Kayaker sets off on trip to expose Europe's shame
Thousands of men, women and children fleeing civil unrest, famine or war lose their lives in the Mediterranean on the final leg of a voyage, born of desperation and hope, to Europe.
Now, a 43-year-old French-Canadian is embarking on a trip from Tunisia to Brussels, braving wind and waves in a flimsy kayak to draw attention to a tragedy that continues to unfold.
Georges Alexandre hopes his trip will highlight the serious lack of provision for migrants heading for countries bordering the Mediterranean. He will break his 3,000-kilometre odyssey in cities and towns along his route to present politicians and local people with a petition already signed by Lampedusa’s elected representatives and voluntary groups and to urge Europe to reform the institutions in which immigrants and asylum seekers are interned.
In November 2010, at the beginning of his seven-month stay on Lampedusa, the so-called gateway to Europe, Alex circumnavigated the island in his kayak to draw attention to the plight of the refugees illegally expelled to Libya by the Italian government. He saw at first hand the problems caused by the influx of migrants and how it was managed locally. During the mass landings of migrants in February and March 2011 he witnessed the chaos confronting the thousands of Tunisians and the people of Lampedusa as a direct result of government inefficiency (for more on this story, see the September 2011 issue of New Internationalist). An observer for the human rights group EveryOne, Alexandre sent reports to members of the European Parliament, to the UNHCR and diverse non-governmental organizations. He also helped the migrants to find food, housing and care on the island.
The fault lines in the existing system for receiving migrants to Europe were clearly exposed, along with the need to introduce serious practical measures to manage the flow of migrants and thus avoid both the overload that occurred on Lampedusa and the injustices perpetrated in numerous detention centres hastily set up elsewhere.
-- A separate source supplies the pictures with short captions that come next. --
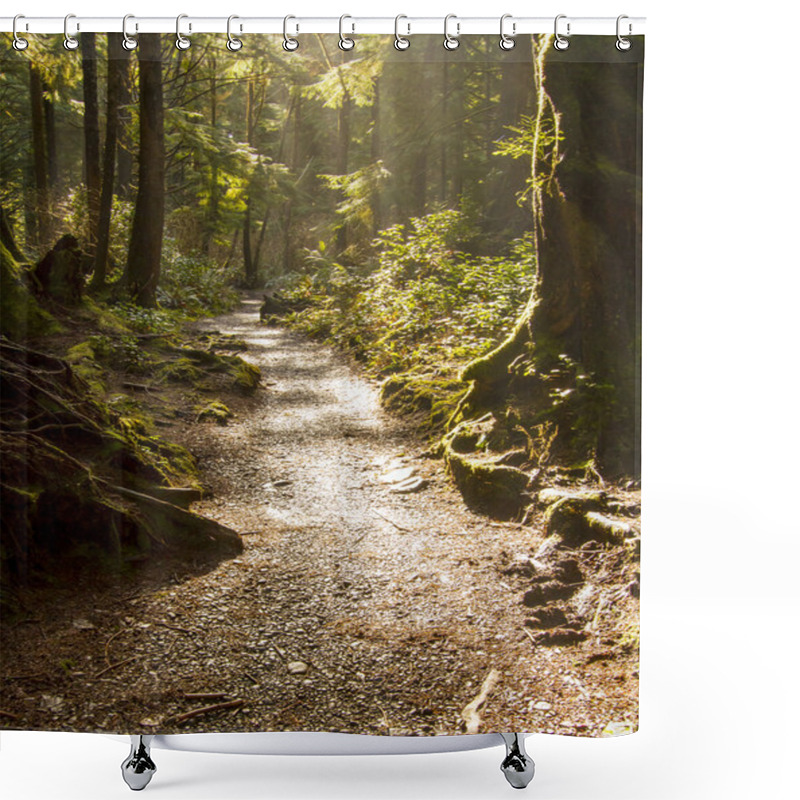 Personality  Rainforest Path Shower Curtains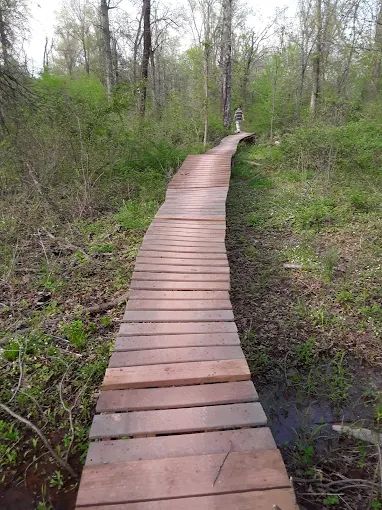 Six Mile Run State Park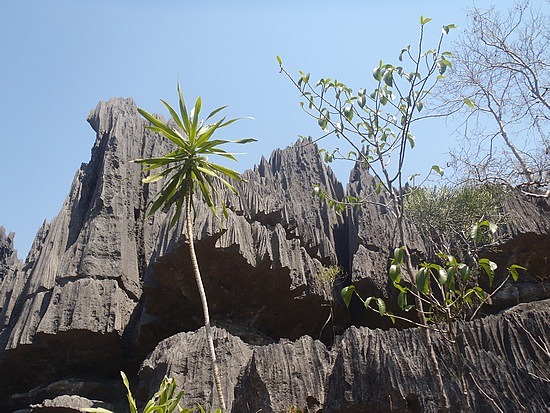 more rocks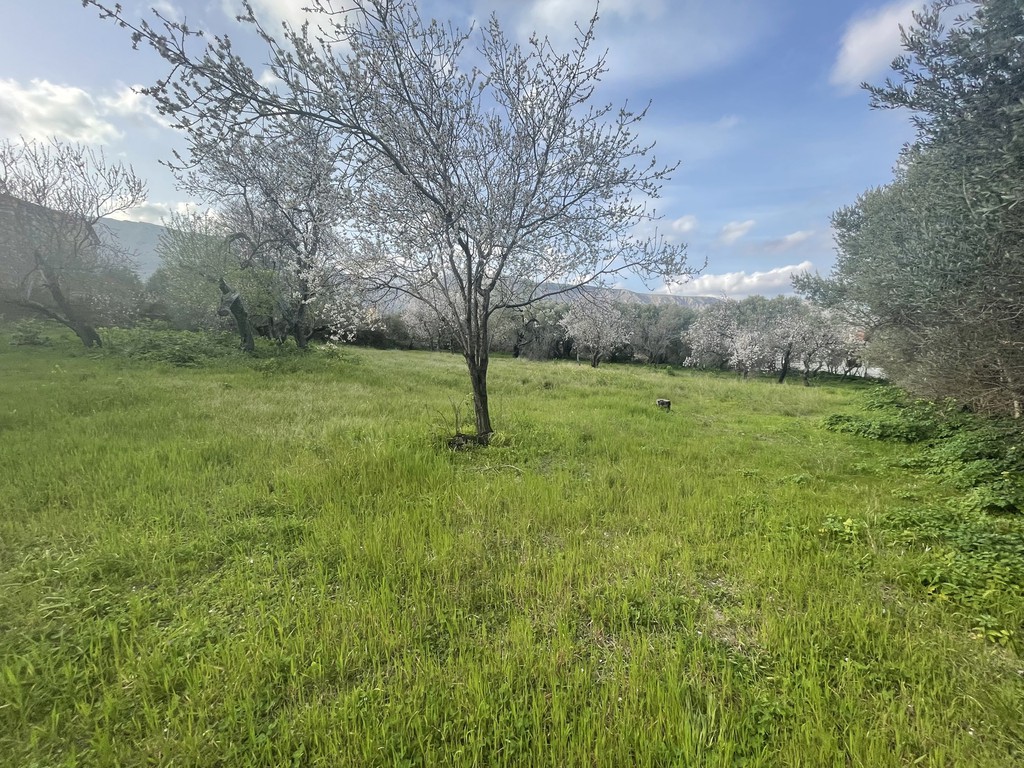 Οικόπεδο 2.243,31 τ.μ. προς πώληση, Πόλη Χίου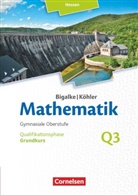 Anton Bigalke, Anton Bigalke, Gabriele Ledworuski, Horst Kuschnerow, Norbert Köhler, Horst Kuschnerow... - Bigalke/Köhler: Mathematik - Hessen - Ausgabe 2016 - Grundkurs 3. Halbjahr
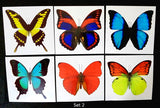 giant butterfly tattoos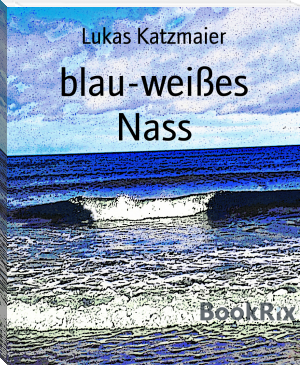 cover blau-weißes Nass.php.png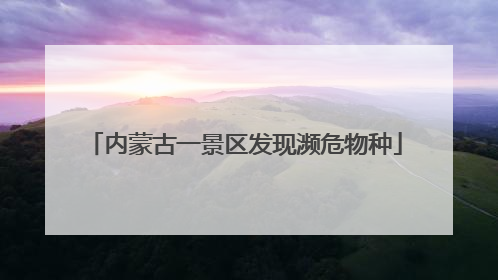 内蒙古一景区发现濒危物种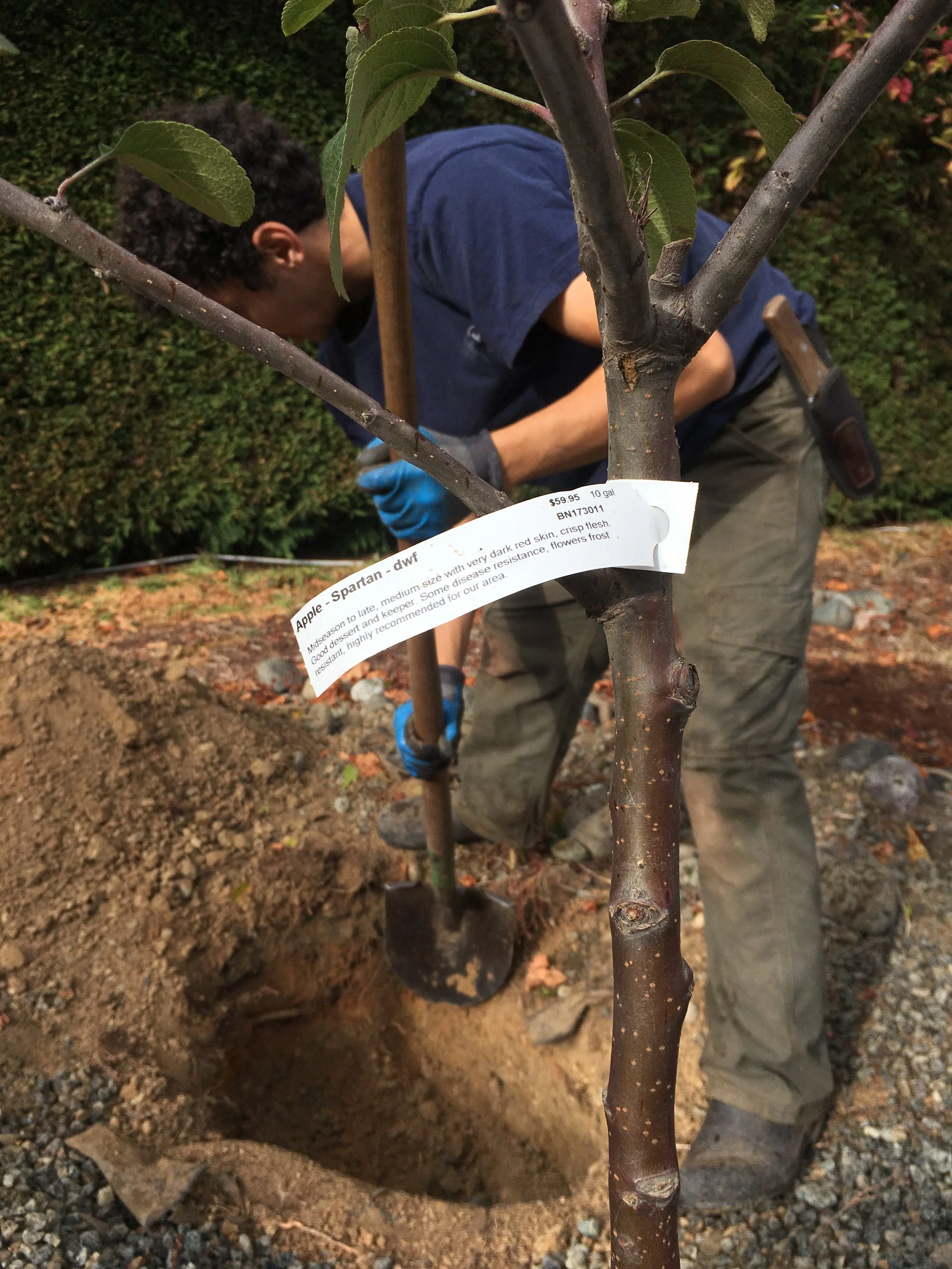 Planting fruit trees, 2017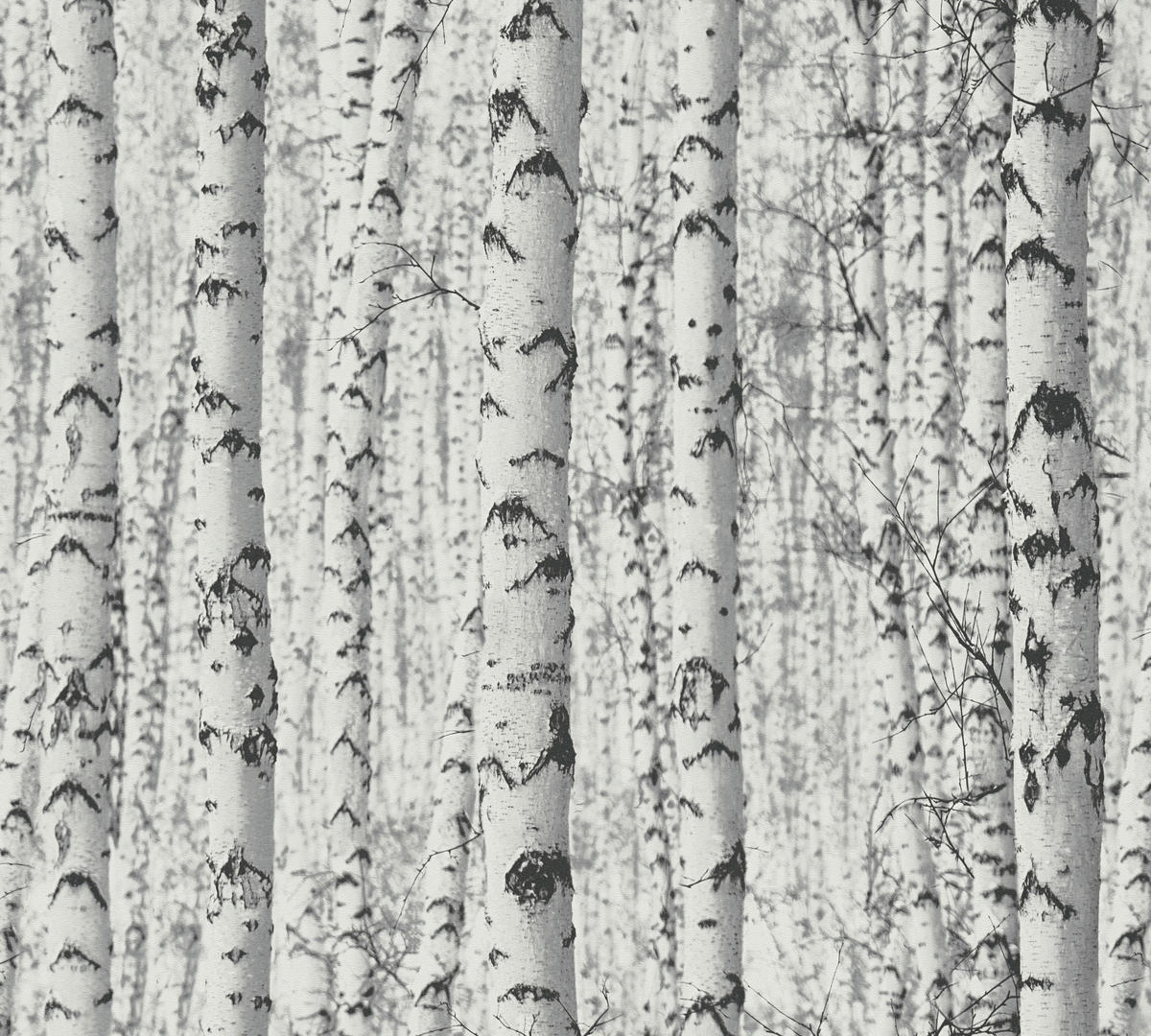 FOTOTAPETE  - Natur (52/250cm)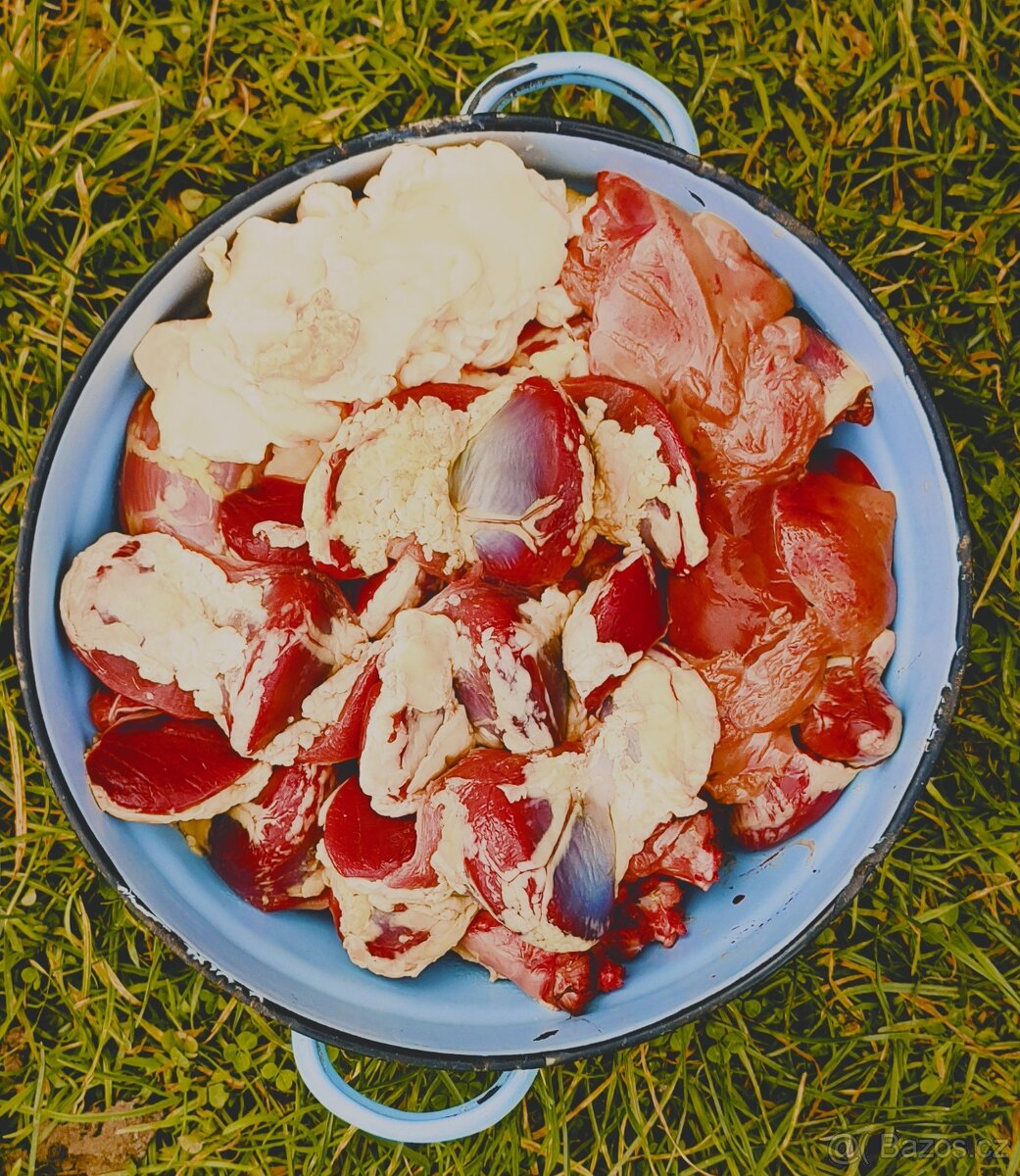 Domácí vykuchaná kachna - 2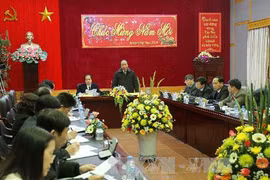 越南政府副总理阮春副在会议上发表讲话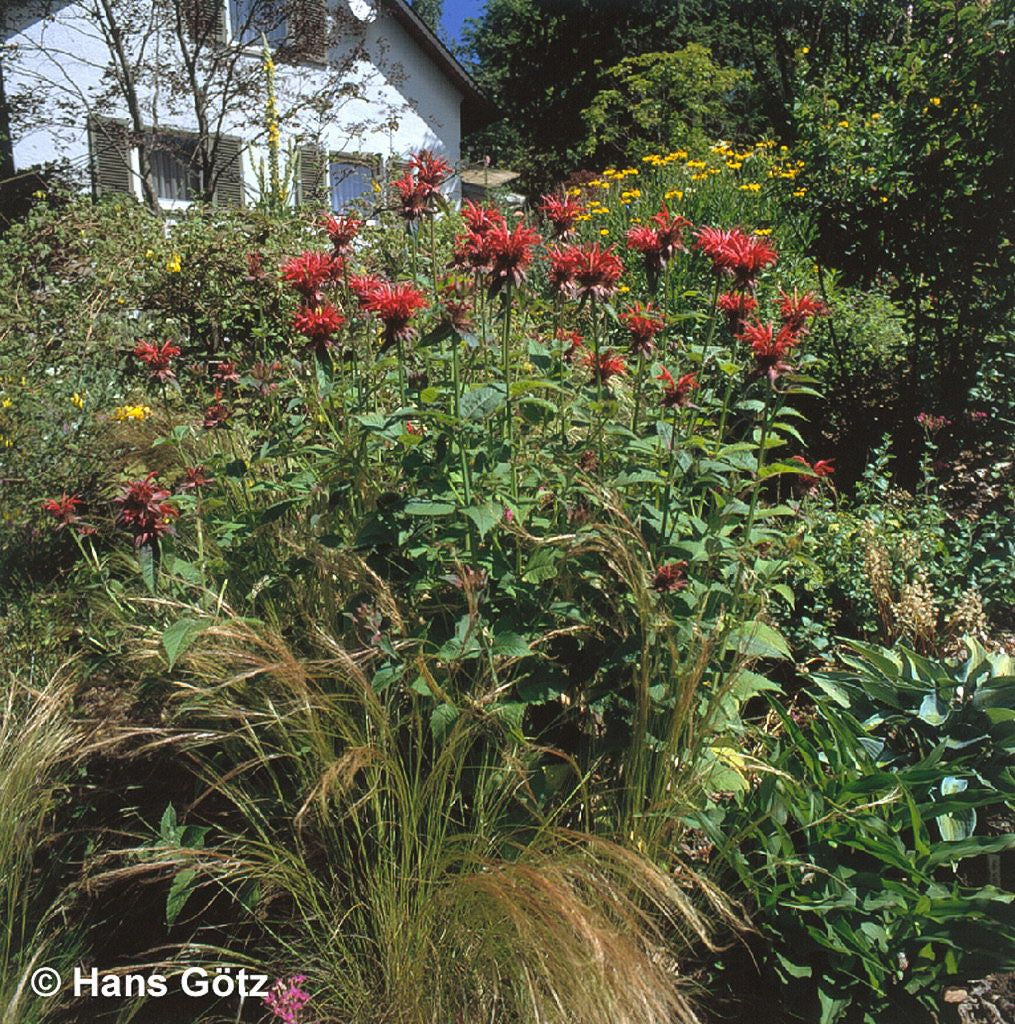 Indianernessel 'Gardenview Scarlet' (Monarda fistulosa)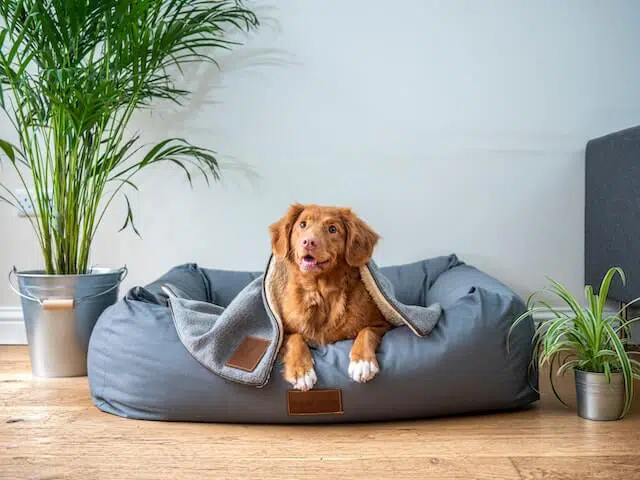 Irish Setter dog on a pet bed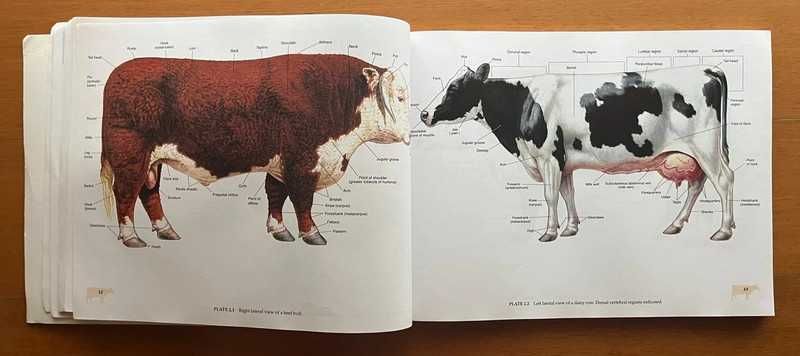 Spurgeon'S Color Atlas Of Large Animal Anatomy - The Essentials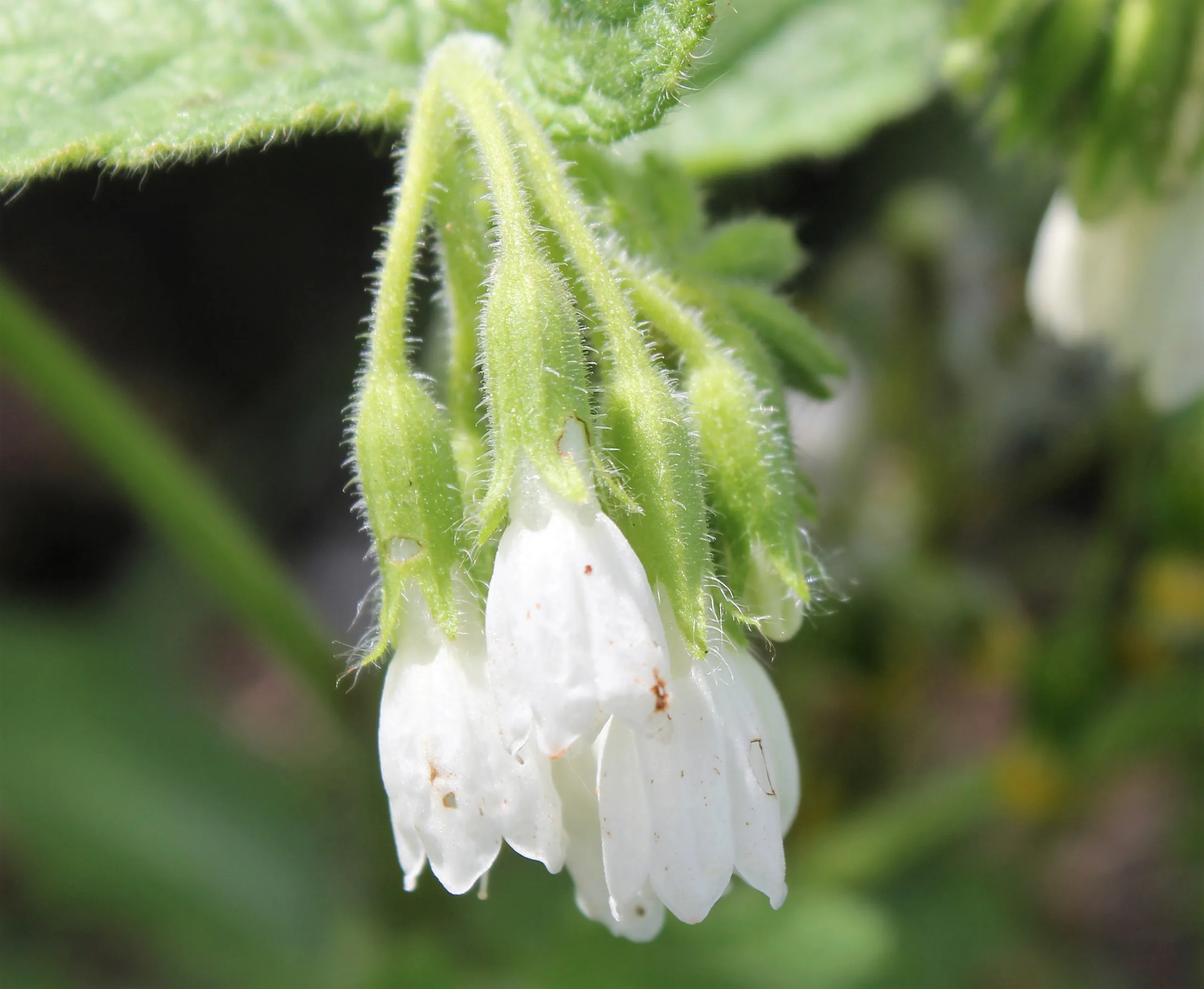 Symphytum orientale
Alex intends his voyage to challenge the European Community to face up to the cost, both financial and human, which results from the West’s portrayal of itself as a 'promised land' while in reality offering only a gaping chasm, void of humanitarianism, in which innocent people suffer or disappear.
At present Georges Alexandre is at Monastir, Tunisia, preparing for his long voyage north. He will kayak to Lampedusa, Malta and Sicily before hugging the west coast of Italy to reach Marseille, gateway to the rivers and canals of France and northern Europe. He intends to arrive in Brussels in December. Along the way he hopes to gather a convoy of boats of every kind to send a clear message to Europe.
Adapted from a press release issued by Georges Alexandre.